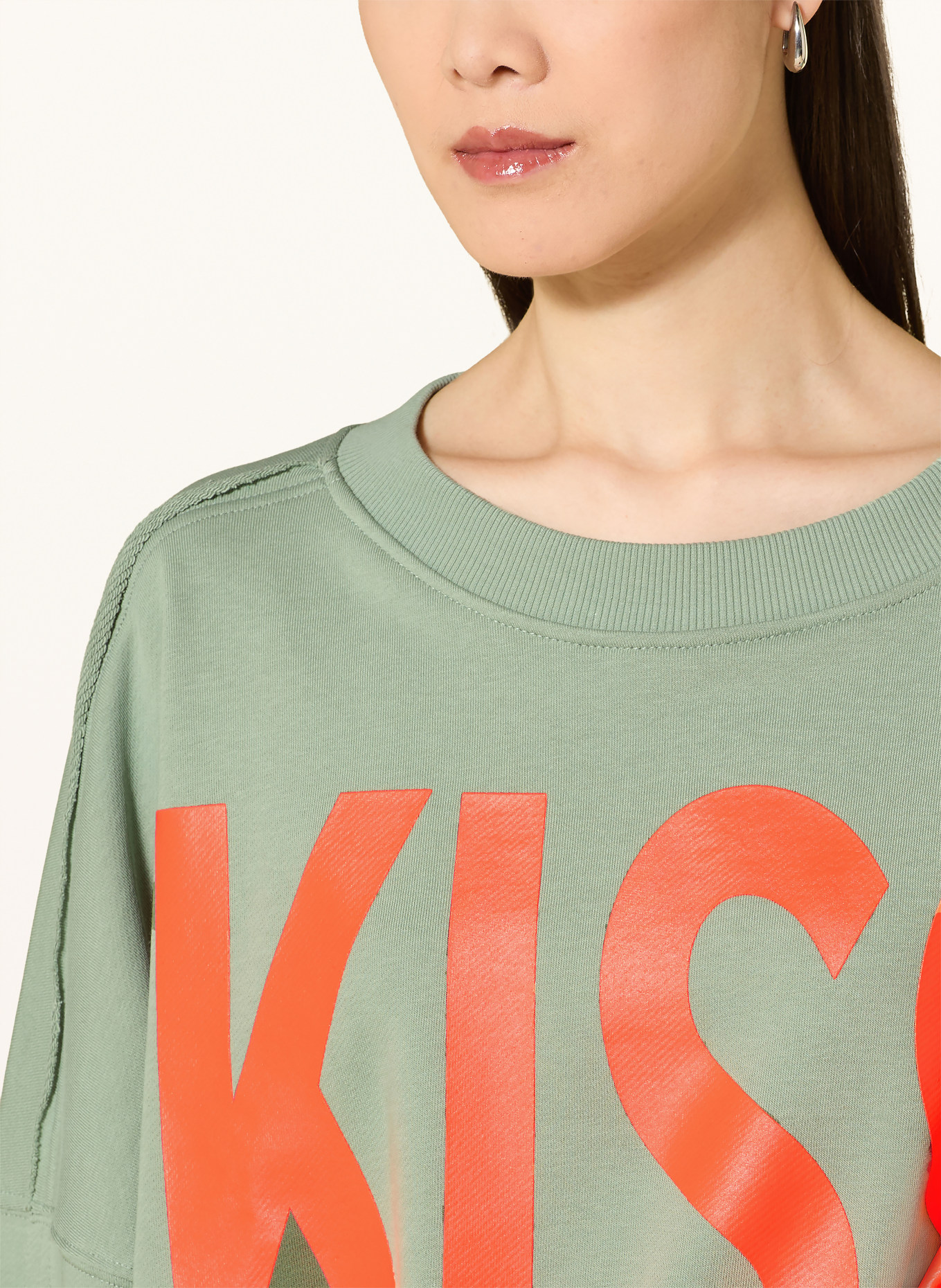 miss goodlife Sweatshirt: MINT / NEONORANJE
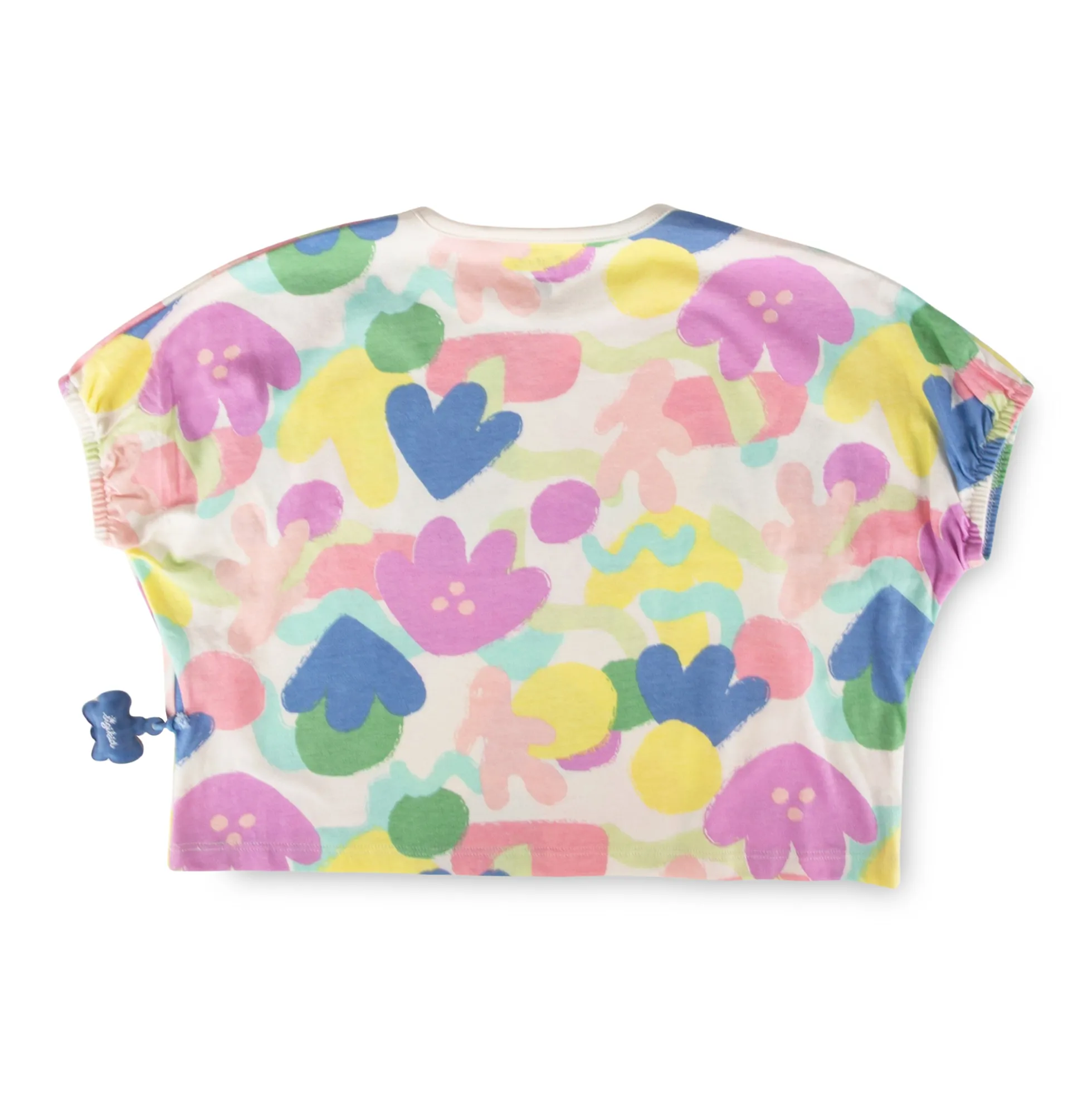Lässig weites Crop Top Shirt, Summer Vibes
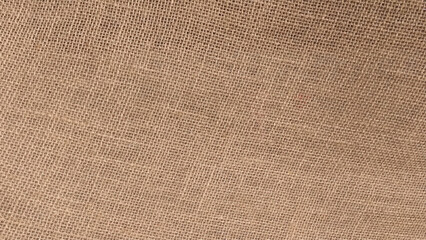 Burlap texture. Linen sackcloth textured background, close up
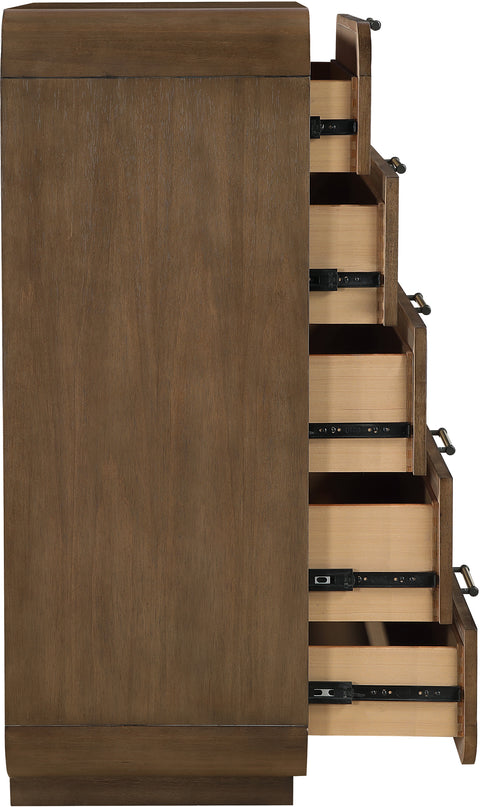 Prescott Brown Natural Cane And Solid Wood Chest, 1 Piece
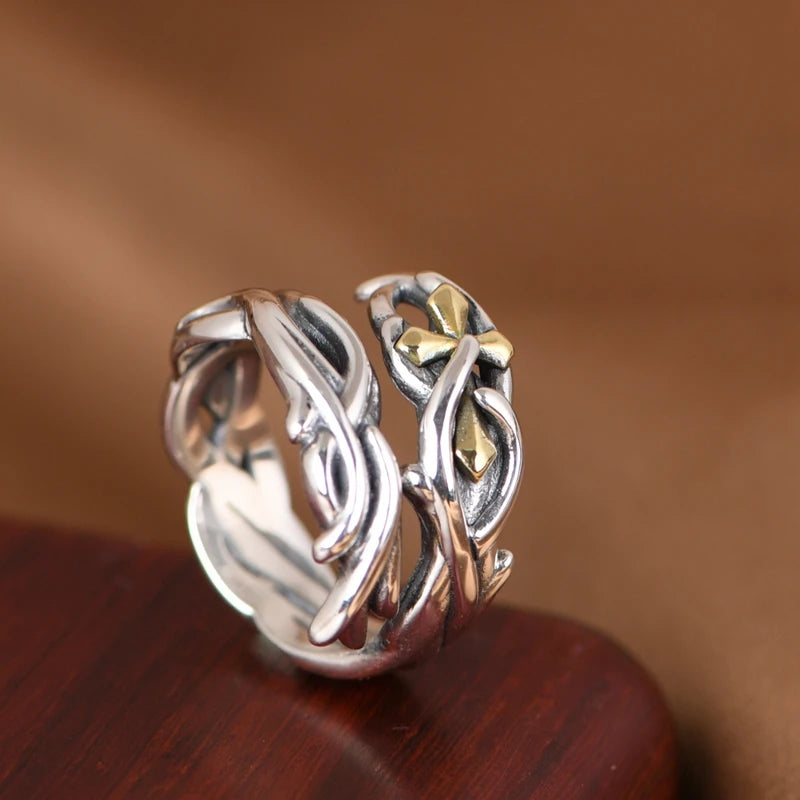 Sterling Cross Ring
· · · ·
> _Exercise_:
Pictures aside, repeat each entry in full and without change.

> _Solved exercise_:
 miss goodlife Sweatshirt: MINT / NEONORANJE
Lässig weites Crop Top Shirt, Summer Vibes
 Burlap texture. Linen sackcloth textured background, close up
 Prescott Brown Natural Cane And Solid Wood Chest, 1 Piece
 Sterling Cross Ring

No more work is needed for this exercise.